━━━ ENTRIES PROVIDED ━━━

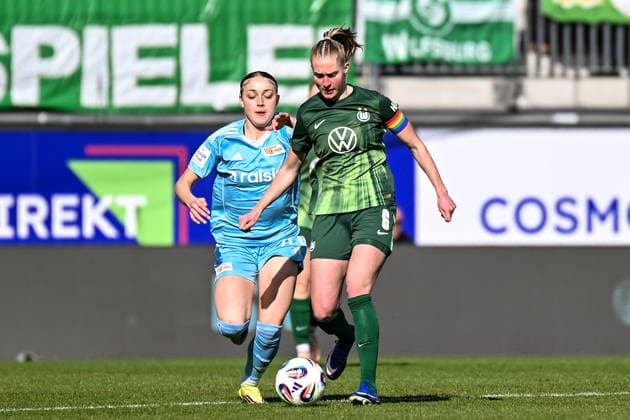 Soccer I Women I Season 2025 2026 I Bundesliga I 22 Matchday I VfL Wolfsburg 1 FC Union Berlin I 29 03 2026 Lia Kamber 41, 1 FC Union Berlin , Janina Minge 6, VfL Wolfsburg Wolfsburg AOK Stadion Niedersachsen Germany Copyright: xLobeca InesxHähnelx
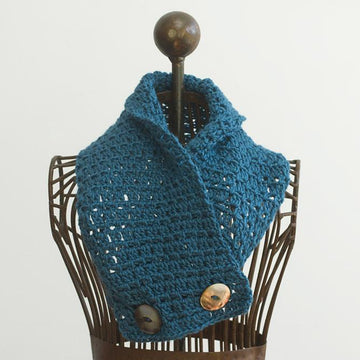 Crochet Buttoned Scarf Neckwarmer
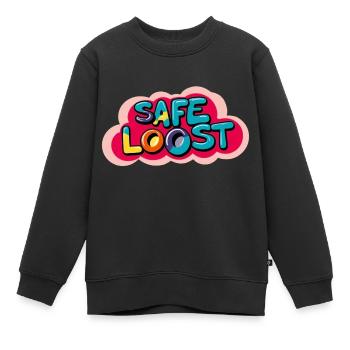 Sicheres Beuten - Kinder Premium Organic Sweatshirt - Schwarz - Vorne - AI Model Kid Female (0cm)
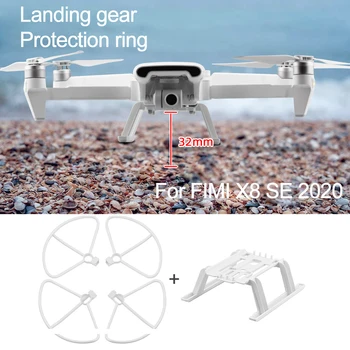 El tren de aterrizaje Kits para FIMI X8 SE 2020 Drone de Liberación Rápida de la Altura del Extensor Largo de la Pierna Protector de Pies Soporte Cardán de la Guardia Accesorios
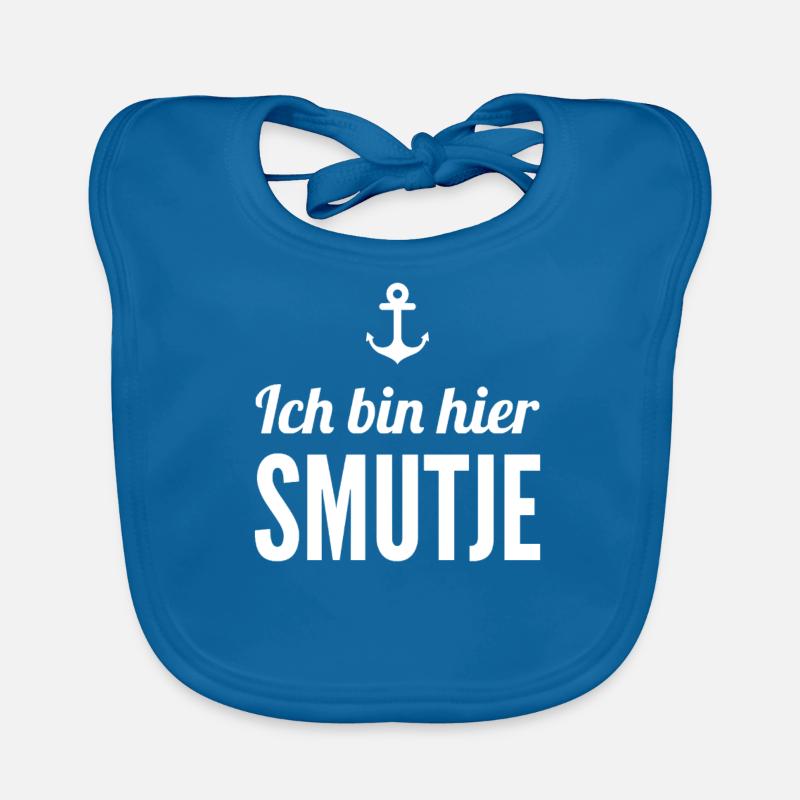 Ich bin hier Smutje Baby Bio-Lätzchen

━━━

- WHAT IS BEING ASKED -
Copy only what lies between the line with "Sicheres Beuten - Kinder" and the line with "El tren de aterrizaje", those two lines included, exactly as given above; pictures stay out.

- EXPECTED OUTPUT -
 Sicheres Beuten - Kinder Premium Organic Sweatshirt - Schwarz - Vorne - AI Model Kid Female (0cm)
 El tren de aterrizaje Kits para FIMI X8 SE 2020 Drone de Liberación Rápida de la Altura del Extensor Largo de la Pierna Protector de Pies Soporte Cardán de la Guardia Accesorios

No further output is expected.